> [Assignment]
Please repeat each line from the one holding "如此结节竟是肺癌-肺内结节治疗" through the final line of the data, exactly as it stands, with no pictures.

*** Supplied information ***

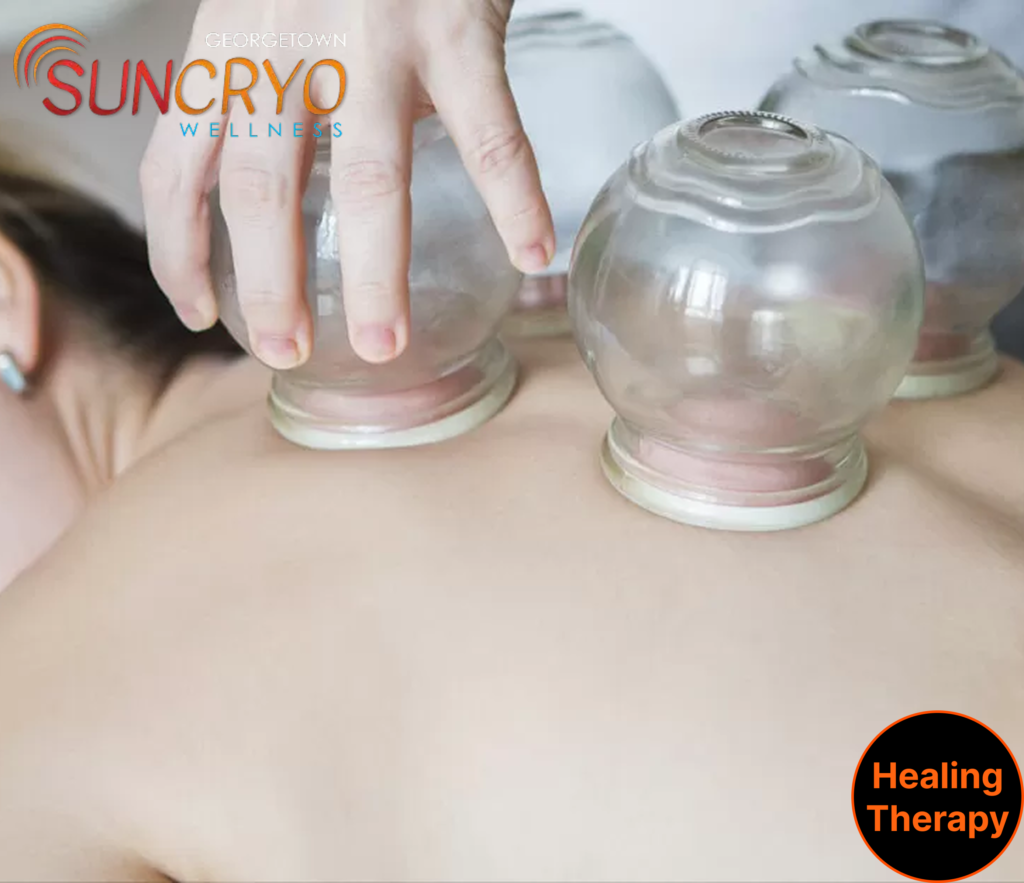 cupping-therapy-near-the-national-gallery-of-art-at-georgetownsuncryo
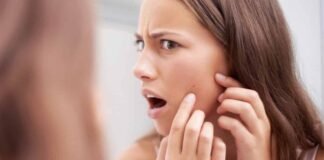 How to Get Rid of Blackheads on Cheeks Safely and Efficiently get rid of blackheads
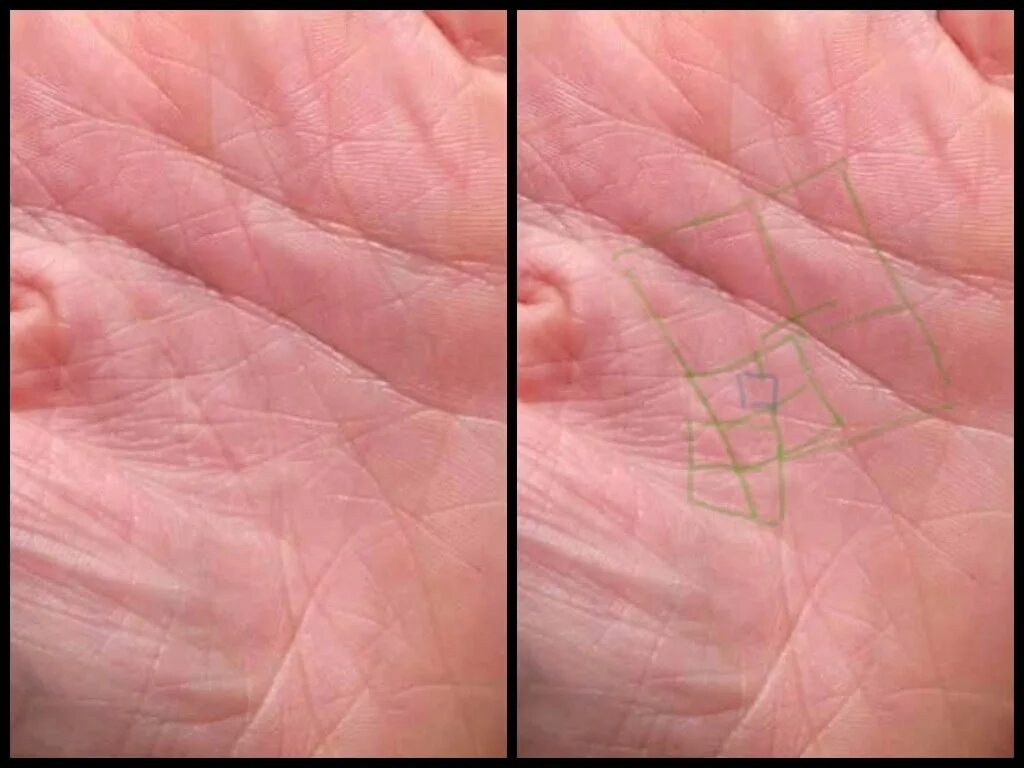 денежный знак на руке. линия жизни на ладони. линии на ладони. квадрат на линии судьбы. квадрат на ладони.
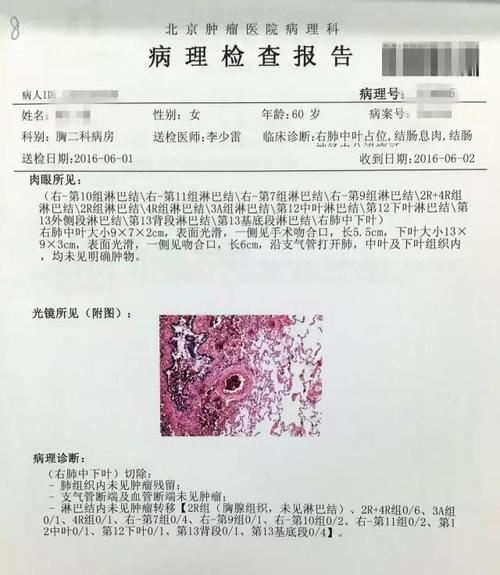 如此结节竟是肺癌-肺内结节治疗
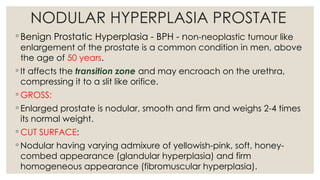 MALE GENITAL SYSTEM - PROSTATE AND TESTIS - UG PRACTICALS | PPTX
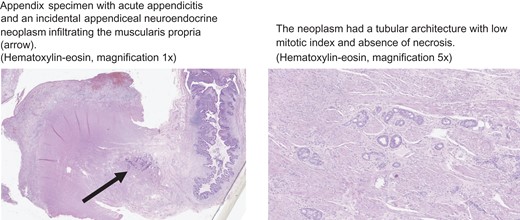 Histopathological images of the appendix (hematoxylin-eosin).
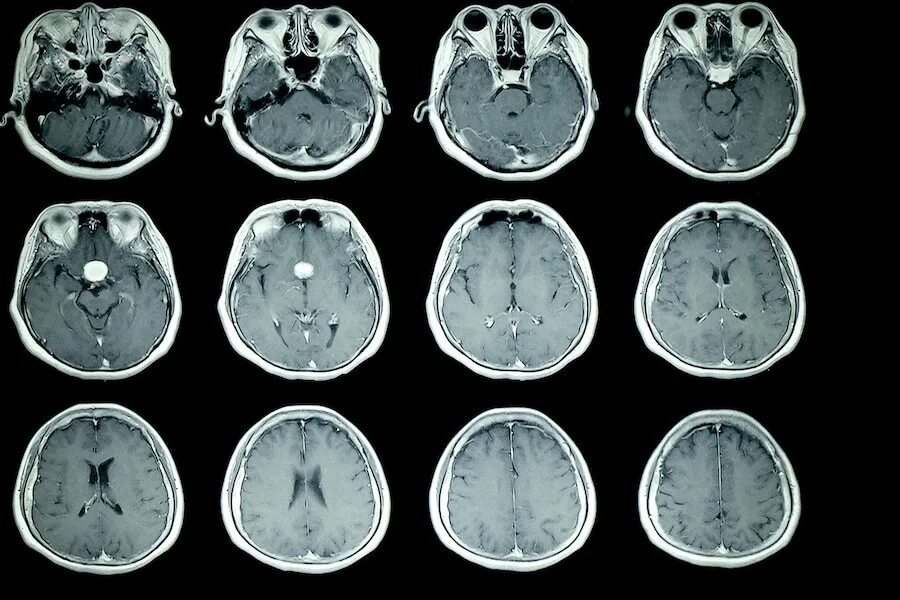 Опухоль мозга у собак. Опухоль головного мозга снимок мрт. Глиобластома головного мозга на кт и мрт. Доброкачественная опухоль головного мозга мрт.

*** End of Supplied information ***

> [Reply to the exercise]
 如此结节竟是肺癌-肺内结节治疗
 MALE GENITAL SYSTEM - PROSTATE AND TESTIS - UG PRACTICALS | PPTX
 Histopathological images of the appendix (hematoxylin-eosin).
 Опухоль мозга у собак. Опухоль головного мозга снимок мрт. Глиобластома головного мозга на кт и мрт. Доброкачественная опухоль головного мозга мрт.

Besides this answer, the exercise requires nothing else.